The PCF201 is a very difficult tube to model, because it's a remote cut off. The only approach I know that satisfies such behavior is from Derk Reefman (look at dos4ever.com).
kind regards, Adrian
Thanks for your feedback. I develop my models manually, that means plotting the curves with LTspice while overlaying a semitransparent diagram, from measured data or data sheet curves. I also have a excel sheet and the solver add-on for least mean square fit of the params, but it is not stable (why ever).
The PCF201 is a very difficult tube to model, because it's a remote cut off. The only approach I know that satisfies such behavior is from Derk Reefman (look at dos4ever.com).
kind regards, Adrian
Adrian:
With "Solver" try using "log squashed error" -- a trick I got from Nutonian:
=LN(1+ABS(Actual_current - Predicted_Current))
for instance Log squashed error =LN(1+ABS(V16-T16))
It's also important to paramaterize the params to reasonable values.
Unhappily, Nutonian was acquired and they no longer seem to support Eurequa's small license holders.
No, I don't. But I guess it should be easy to find a suitable spice model.
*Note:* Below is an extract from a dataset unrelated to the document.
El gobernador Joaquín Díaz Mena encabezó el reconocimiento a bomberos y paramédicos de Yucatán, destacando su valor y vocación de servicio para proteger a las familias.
A google search with ".subckt 6s33s" delivers several results.
regards, Adrian
Do you mean triode-connected? i.e., the screen is connected to the anode?
Unfortunately, the model created by the Ayumi method using the traced triode curves does not match up to either to the traced pentode curves or to the datasheet. Perhaps you can trace it again but with higher voltage like those shown in the datasheets?
Hi, I want to model but I ran into difficulty: the tube is cut off about 5V, and about 10V for triode. In other word the curve origin is quite a distance from 0, 0 as compared with other sharp cut off tube. I wonder whether it is due to tracer or actually is like that?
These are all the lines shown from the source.